Introduction
Instancing is a very useful tool, not least because you can have one material setup that gives each instance an unique look (based on Instance ID). The Array Modifier is another useful tool, and it is similar to instancing (duplicating meshes), but it doesn’t give you the same options to control the material setup per copy in the same way1.
You could use an Array Modifier to distribute faces (or vertices) that you then use for instancing objects (which material you then can control with Instance ID), but it might not be that intuitive to setup, you have to have two objects (instead of one), etc. So, wouldn’t it be great if you could get something like Instance IDs for a normal Array Modifier setup, and in fact: You can!
Here I’ll go through how to get an (sequential) “Instance ID” with the Array Modifier (in several different ways), as well as a (pseudo) random ID.
This is aimed towards Octane (and Blender), but a similar setup will work with any render engine.
Please note that these instructions are written with the aim to help a beginner, if you’re a more confident Blender user you could probably just skim through the text (and/or look at the provided examples/screenshots) to get the gist of it.
Setting up the object and modifier
In this example we will assume that we are setting up a simple grid (two Array Modifiers, one for X, one for Y), but this method can be used in more complex setups.
The first step is to set up the Array Modifier(s)2, where we need to change the U and V offsets under the UVs drop down. For one of the modifiers (eg. the “X-axis modifier”) we are going change the U offset, and for the other the V offset (leaving the other offset at 0).
(It is recommended to have positive offset values)
But, change it to what? The easiest is just to set it to 1.0. This will have the least impact on the UV map (and any consideration that you have to take in the material setup).

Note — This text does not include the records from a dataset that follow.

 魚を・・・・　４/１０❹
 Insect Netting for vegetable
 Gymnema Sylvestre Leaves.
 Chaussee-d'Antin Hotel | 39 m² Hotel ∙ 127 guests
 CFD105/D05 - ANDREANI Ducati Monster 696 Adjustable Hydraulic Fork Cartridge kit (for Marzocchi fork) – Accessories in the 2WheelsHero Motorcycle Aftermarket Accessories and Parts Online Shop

You could also set it to a fraction based on how many instances you have in each direction (1 / [number of instances]). So for 10 instance the offset would be 0.1, for 20 it would be 0.05 etc.
But you also then have to have a UV map that is scaled down accordingly (eg. scaled by 0.1) and positioned in the lower left corner in the UV map. (Example setup).

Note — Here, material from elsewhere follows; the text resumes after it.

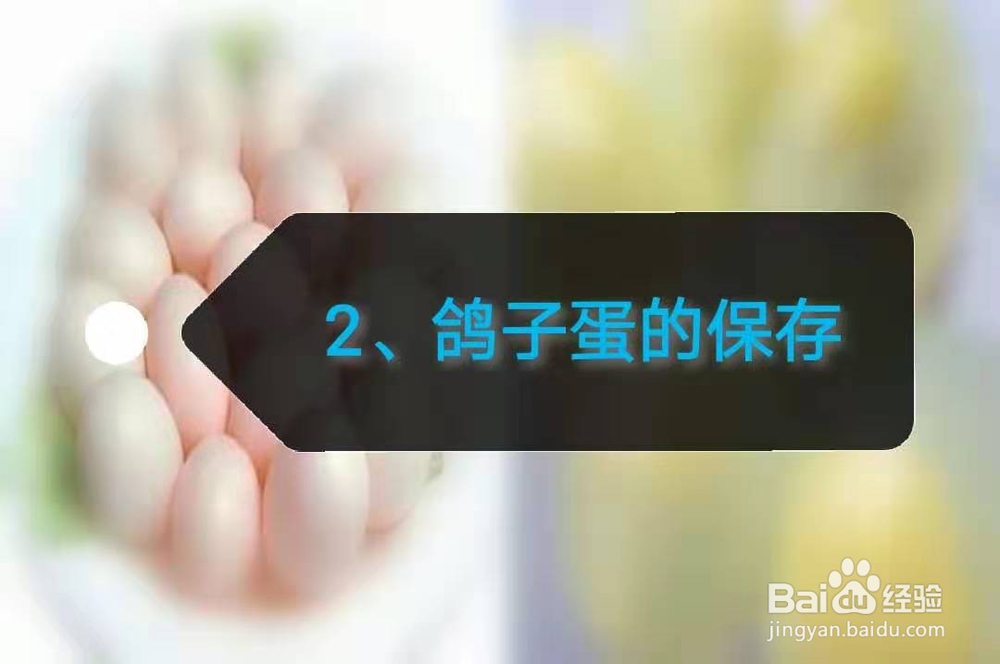 各类蛋的选购技巧及保存方法。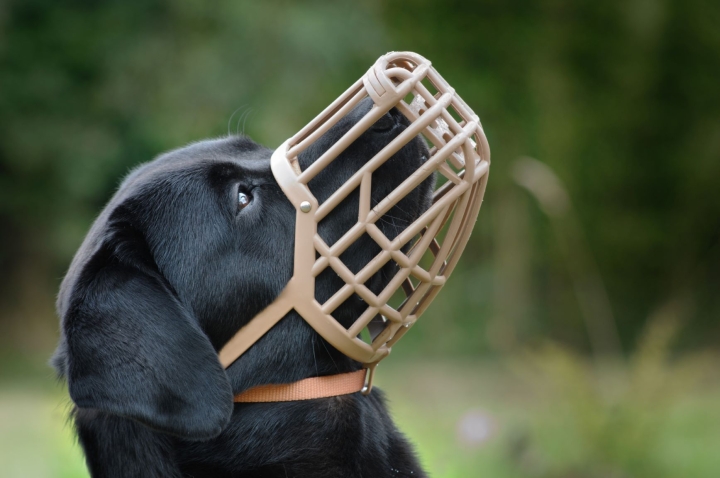 Avis à tous les propriétaires de chiens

The benefit of this is that you keep the UV coordinates within the 0.0 – 1.0 range, the negative being that the offsets affects all UV maps for the object.
Setting up the shader
Now when we have the object set up, we need to set up the shader. It’s pretty straightforward, but there’s some slight differences depending on whether you want to use an image texture, or an OSL script, and whether you want a random or a sequential value.
OSL vs image texture
An OSL (Open Shading Language) script is a way to have custom procedural textures (and more). Using OSL have similar benefits to procedural textures (no resolution limit, not locked down to a certain set texture), but it also have some disadvantages (like not working in Eevee or Cycles CUDA rendering).

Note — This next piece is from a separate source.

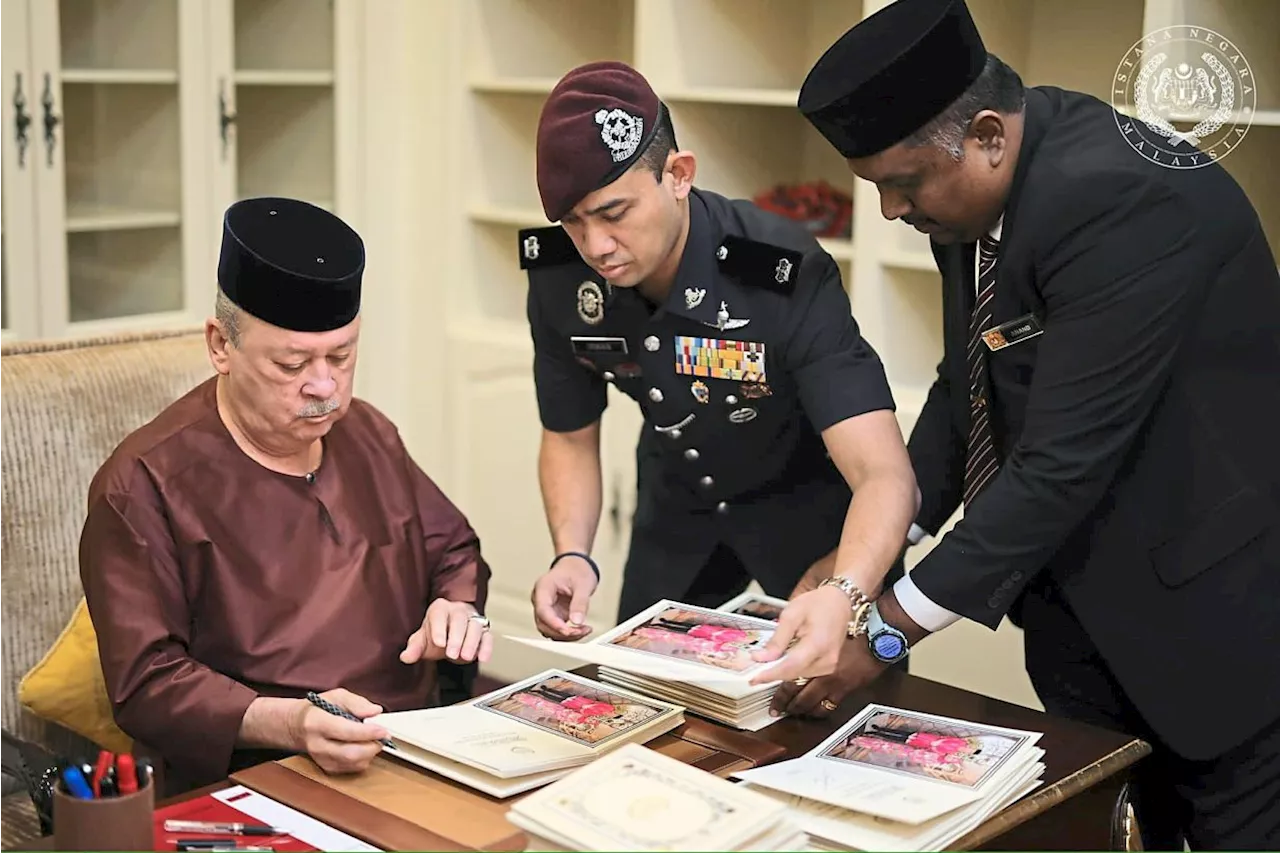 King to respond to all Raya cards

And, while an image texture will work with any render engine, they are limiting: You can only have 255 different values3 (while the there isn’t really a limit when using OSL4), and the grid shape/size is set5.
Setting up with OSL
First we need to add an (OSL) script node (in the Shader Editor):
- With Octane: [Shift+A] > Octane Texture > OSL Texture
- With Cycles: [Shift+A] > Script > Script (NB: OSL doesn’t work in Cycles when using CUDA)
For both Octane and Cycles you can use either an internal (“text block”) or external script file, where external file is the easier option. If you’re setting this up for Cycles the script should load as soon as you’ve selected the file (if it doesn’t try clicking on the Update button), with Octane you need to click the Compile OSL Node before you can use the script.
You can find the OSL script file(s) below.
You should now have a node that looks like the example to the right6. Change the Columns and Row to match your Array Modifier setup. If you have chosen to use the Full UV (and set the U/V offsets to 1.0) you should also enable “Use Full UV” on the OSL node (likewise, make sure it’s disabled if you have chosen to scale down the UV map).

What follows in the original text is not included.